A typical lottery scam begins with an unexpected email notification that "You have won!" a large sum of money in a lottery. The recipient of the message — the target of the scam — is usually told to keep the notice secret, "due to a mix-up in some of the names and numbers," and to contact a "claims agent." After contacting the agent, the target of the scam will be asked to pay "processing fees" or "transfer charges" so that the winnings can be distributed, but will never receive any lottery payment. Many email lottery scams use the names of legitimate lottery organizations, but this does not mean the legitimate organizations are in any way involved with the scams.
There are several ways to recognise a fake lottery email:
1. Unless you have bought a ticket, you cannot have won a prize. There are no such things as "email" draws or any other lottery where "no tickets were sold". This is simply another invention by the scammer to make you believe you've won.

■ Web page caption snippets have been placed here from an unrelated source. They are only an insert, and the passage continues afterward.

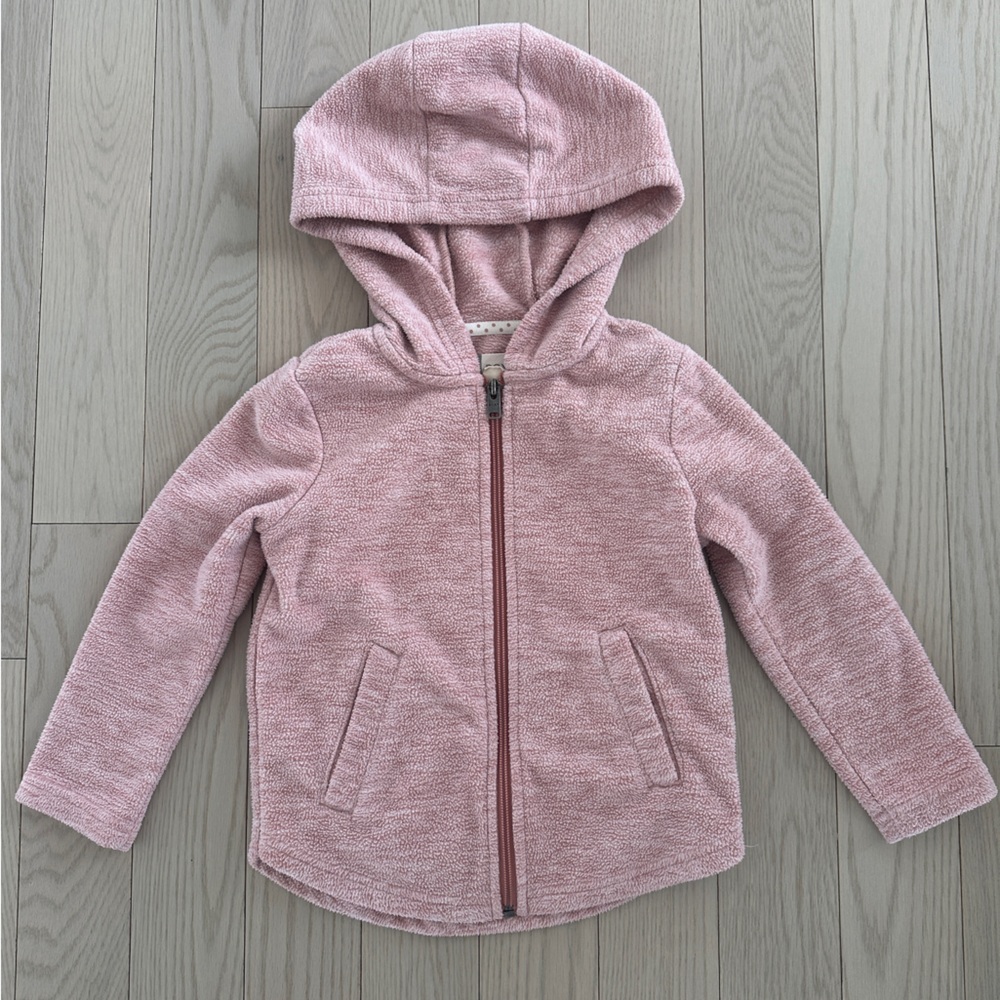 🌷Roxy Girls' Hooded Zip-Up Fleece Sweater size 4T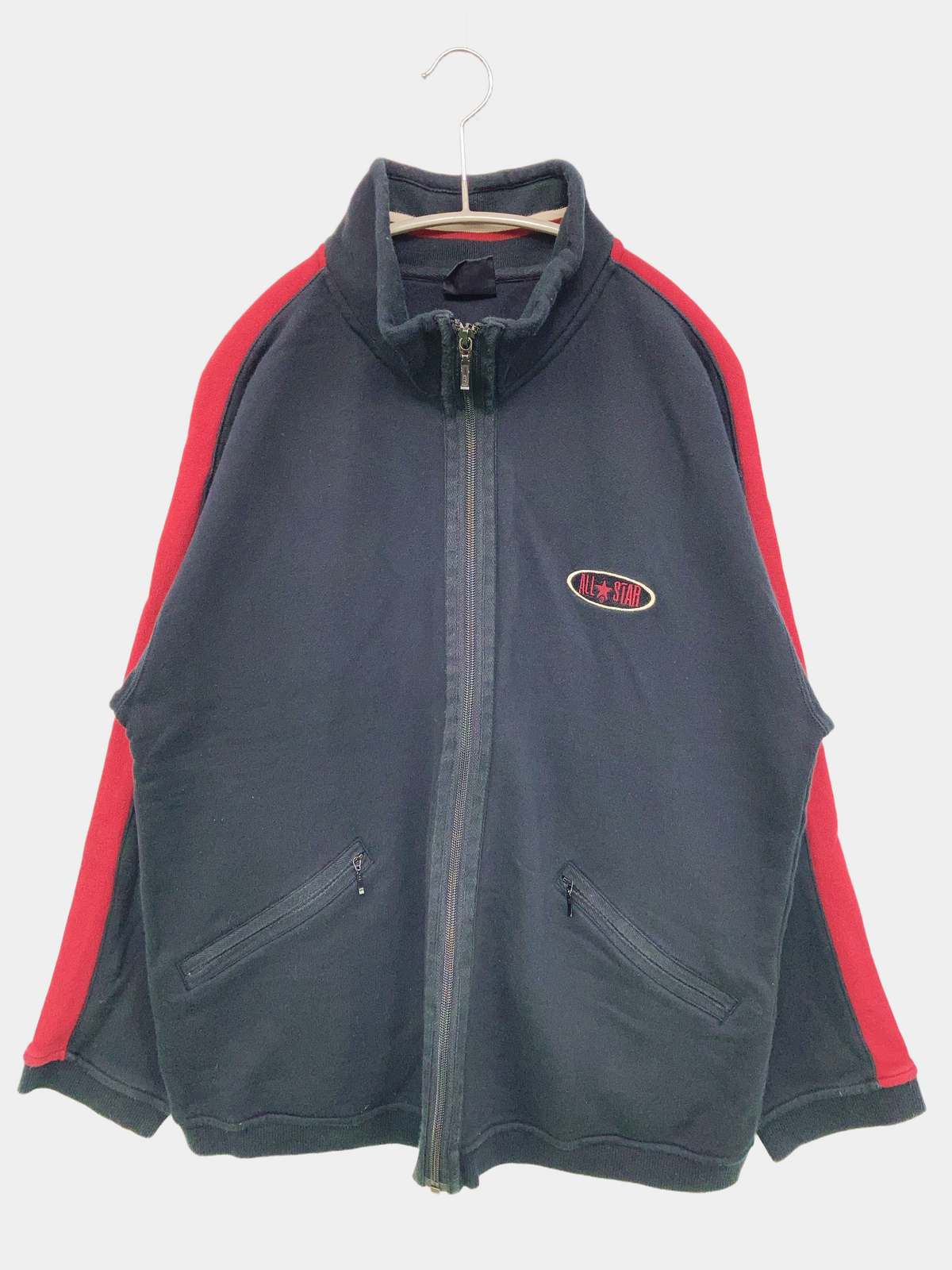 【中古】CONVERSE コンバース ジャージ/トラックジャケット ブラック メンズ ブランド古着 送料無料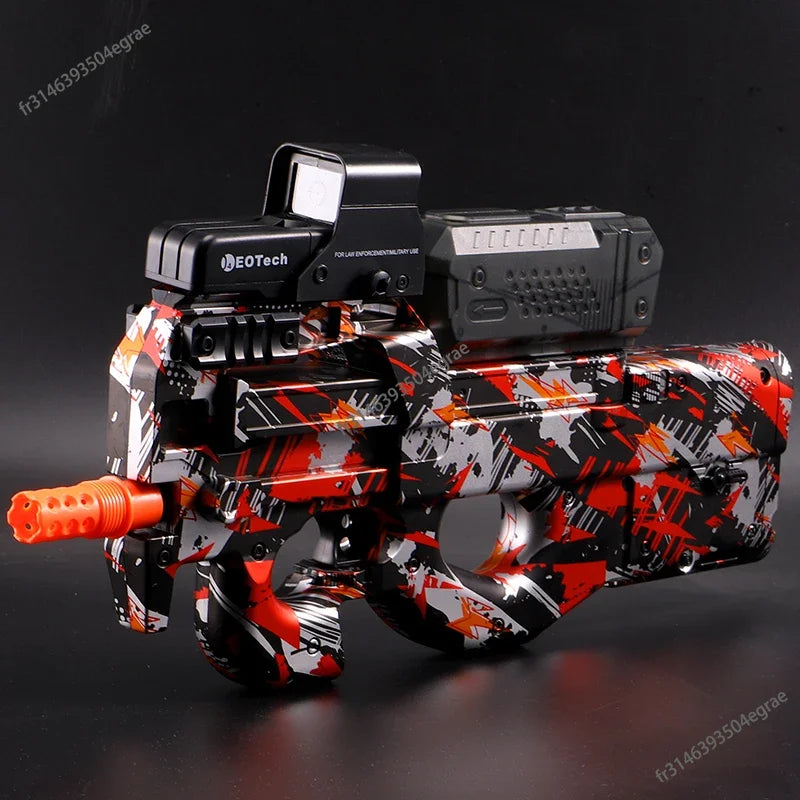 P90 Electric Gel Gun Toy Gun, Fully Automatic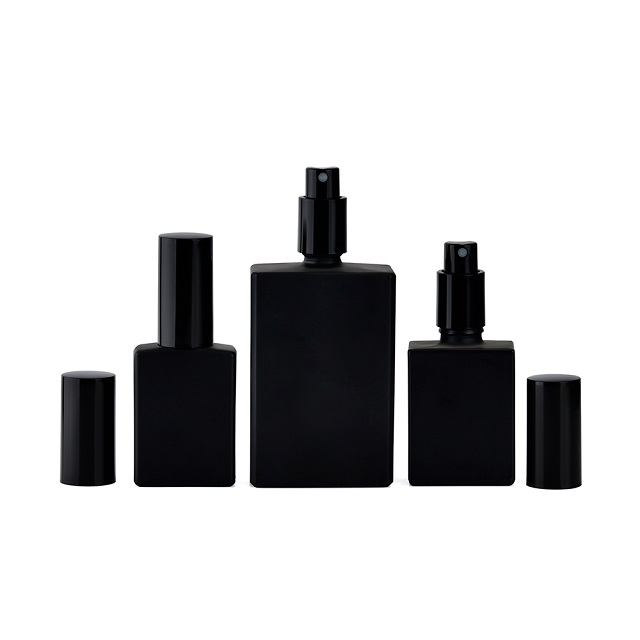 Бесплатные образцы, роскошный производитель, пустой 30 мл, 50 мл, 100 мл, квадратный, прямоугольный, стеклянный флакон с распылителем для парфюмерного тумана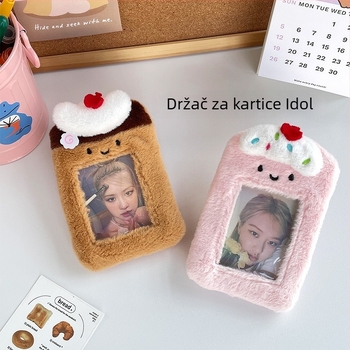 Plišani držač kartica s životinjskim uzorkom – za kartice za obrok, autobus i studentske kartice, sladak dizajn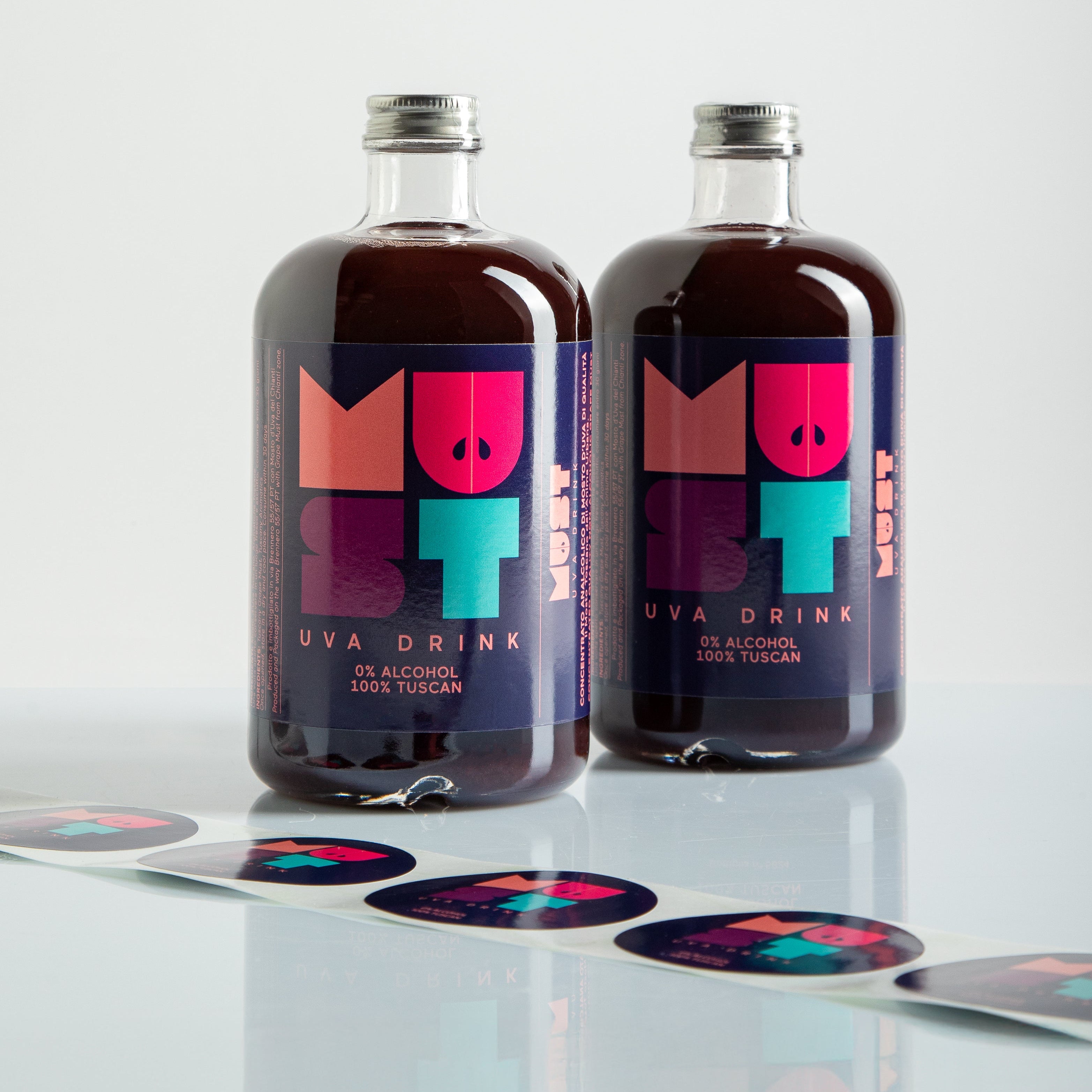 Must Uva Drink set 2 Bottiglie da 50 cl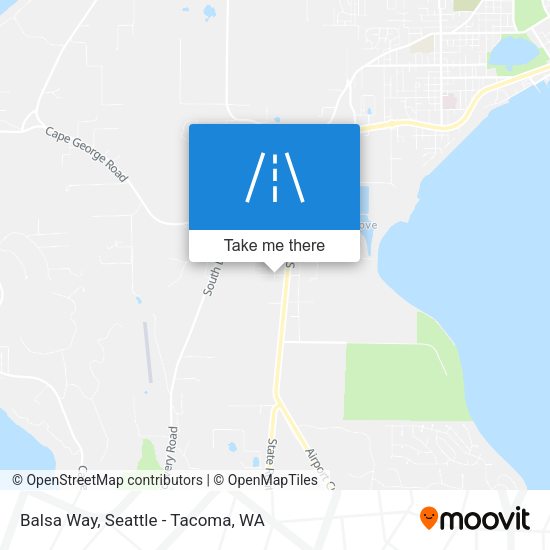 Balsa Way map
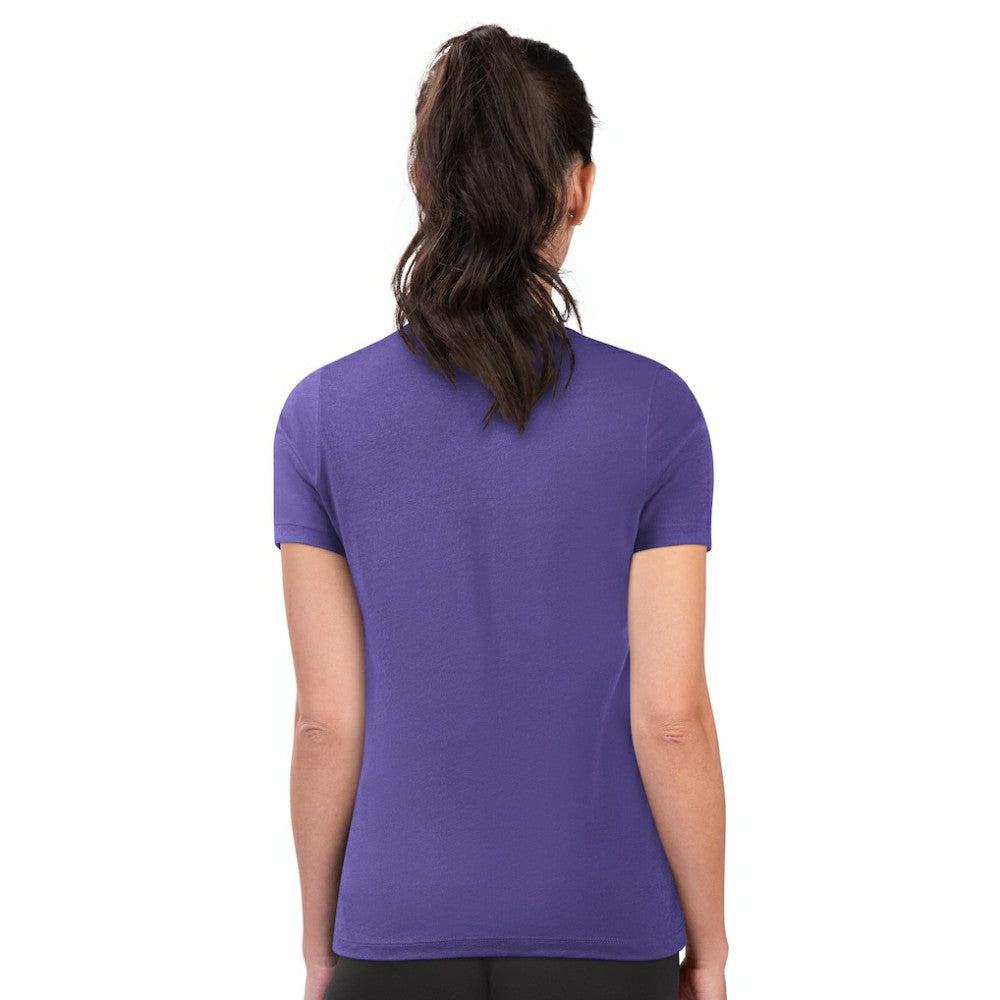 Colorado Rockies G-III 4Her by Carl Banks Women's Super-Slim Fit Lightweight City Graphic T-Shirt - Purple - MLB Sale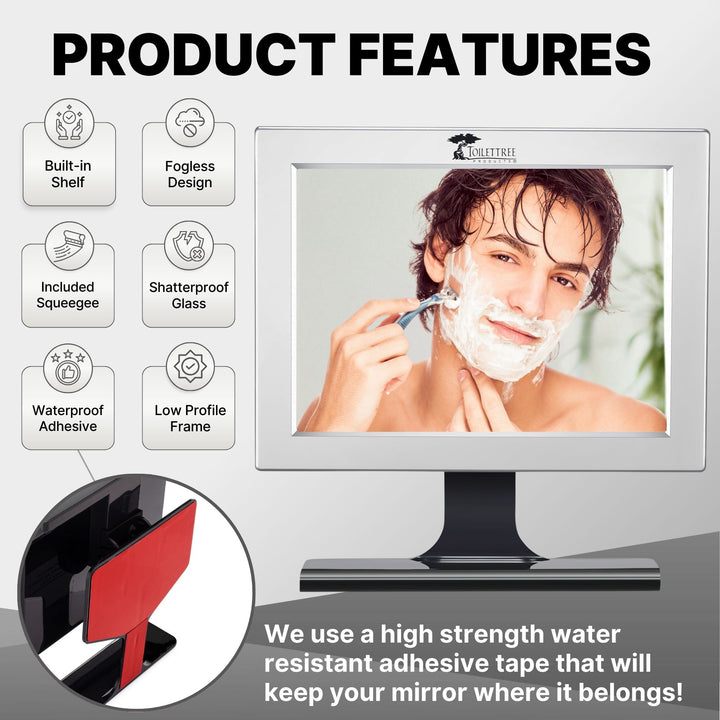 Fogless Shower Mirror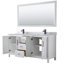 Ensemble de meuble-lavabo double 72 "avec miroir Daria-97900761-97900763-97900767
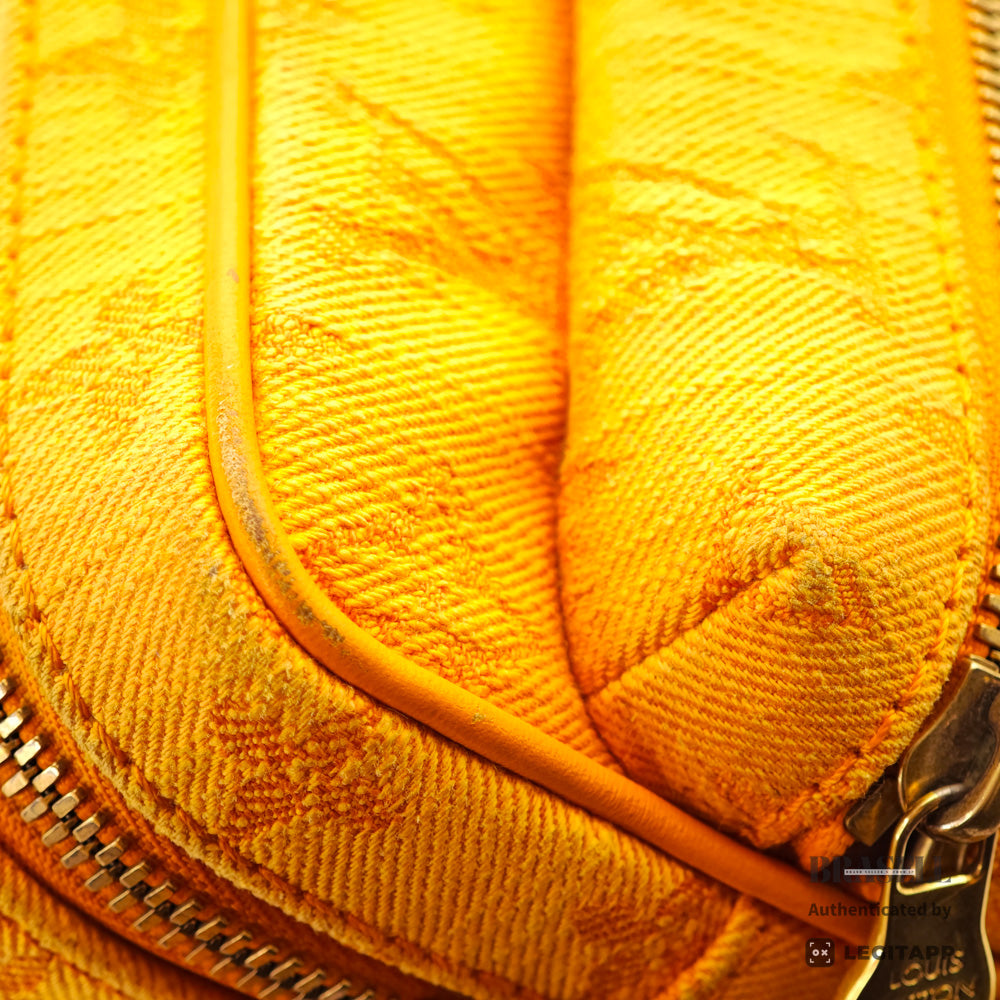 LOUIS VUITTON Outdoor Bumbag Monogram Canvas Orange M44623 【ImportFeeFREE】
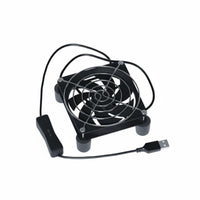 Quiet Operation Set-Top Box Cooling Stand Powerful Airflow USB Cooling Fan Shock Absorbing Pads for Desktop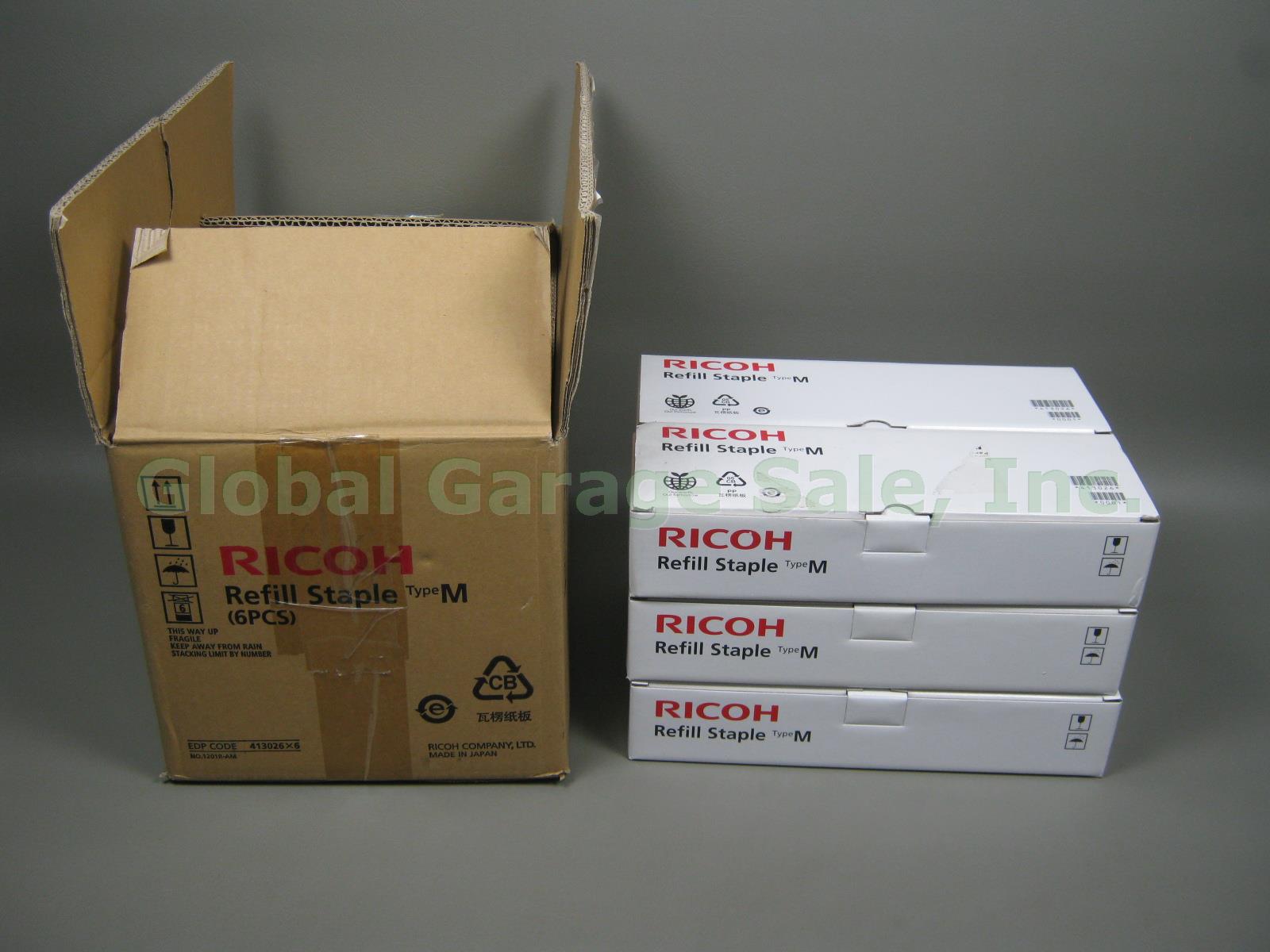 Full Case Ricoh Refill Staple Type M 413026 1201-AM 6 Boxes 30 Cartridges Lot NR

2. The scammer will ask you to pay a fee before you can receive your prize. It is illegal for a real lottery to charge any sort of fee. It does not matter what they say this fee is for (courier charges, bank charges, various imaginary certificates — these are all made up by the scammer to get money out of you). All real lotteries subtract any fee and tax from the prize. They never ask you to pay it in advance.
3. Scam lottery emails will nearly always come from free email accounts such as Yahoo!, Hotmail, Live, MSN, Gmail etc, and no real business will use a free email account.